Sandy: What part of the book was your favorite to write?

Danette: Some days I struggled and other days I was on a roll, but every single day I looked forward to being in the woods with Violet. The whole book was fun to write. Whatever part I was working on that day was my favorite. And Violet—whoa, Violet!—she made me snicker with the things she said.

Sandy: I’ve read that you like the woods and the mountains. Where is your absolute favorite vacation spot?

Danette: My absolute favorite vacation spot is anywhere in the Great Smoky Mountains. This is going to sound all dramatic and everything, but being deep in the woods gives me joy unfettered. I’ll even wax poetic here: Being on land once trod by Indians and settlers is akin to being taken back in time. And the bigness of it--all those trees and the wind rustling the leaves--the absolute bigness of it all and the smallness of me brings to mind the scripture What is man, that thou art mindful of him?

Sandy: Do you have a special place where you write? Any special routines?

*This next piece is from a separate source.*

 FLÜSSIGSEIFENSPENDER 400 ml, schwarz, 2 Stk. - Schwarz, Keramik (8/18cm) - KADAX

Danette: My husband and I used to share an extra bedroom that we used as an office. After I sold my first book, he kicked himself out. Now I’ve got the room to myself and everything stays just as I left it. My day begins No! NO! Not time to get up! with me trudging downstairs in the dark to make lunches and get everyone ready for school. I drop off my precious cargo, straighten up a little bit, and I am writing by ten. I take no phone calls, make no dates, and try (but fail) to not repeatedly check my email.

Sandy: Can you tell us a little about your upcoming projects?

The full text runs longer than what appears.